● The data:
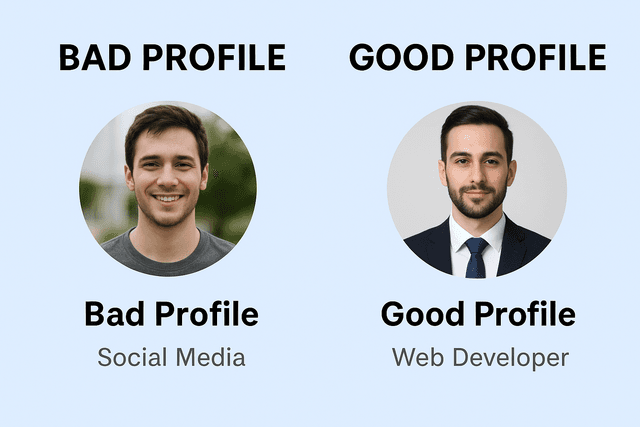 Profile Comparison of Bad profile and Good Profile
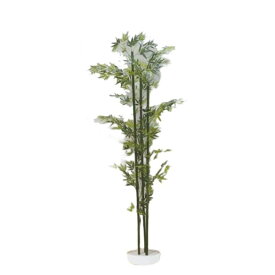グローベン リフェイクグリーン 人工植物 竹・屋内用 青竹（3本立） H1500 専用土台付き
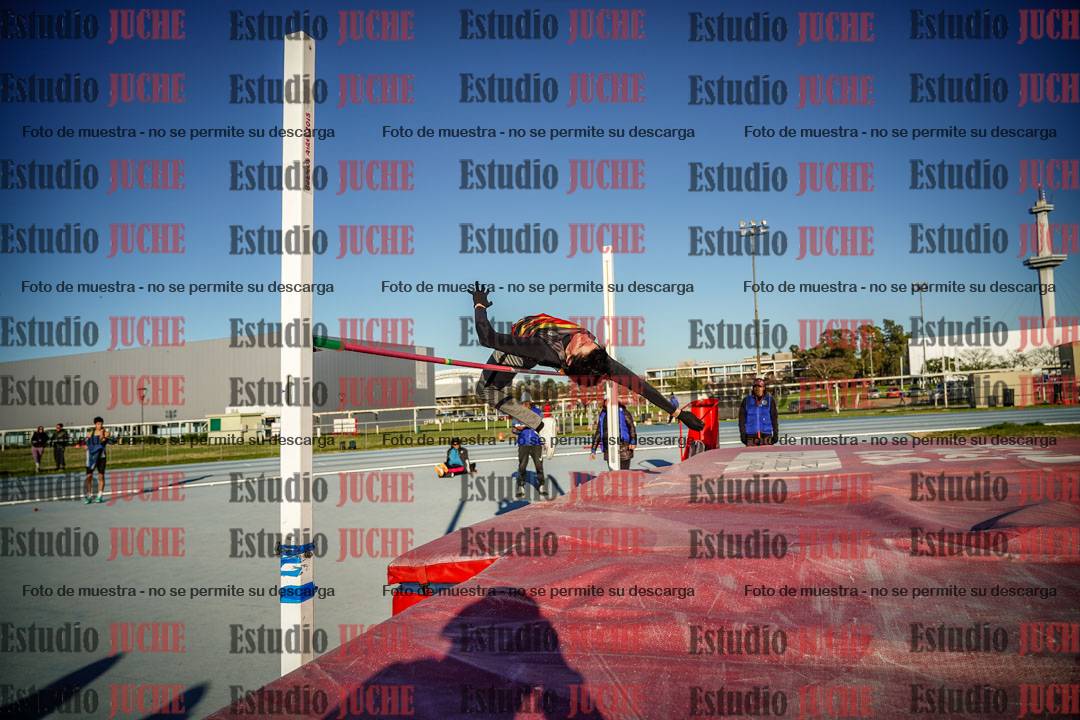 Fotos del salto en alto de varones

● Your objective: An exact transcription of the listing is required, and it must contain no pictures.

● Reply to the task:
 Profile Comparison of Bad profile and Good Profile
グローベン リフェイクグリーン 人工植物 竹・屋内用 青竹（3本立） H1500 専用土台付き
 Fotos del salto en alto de varones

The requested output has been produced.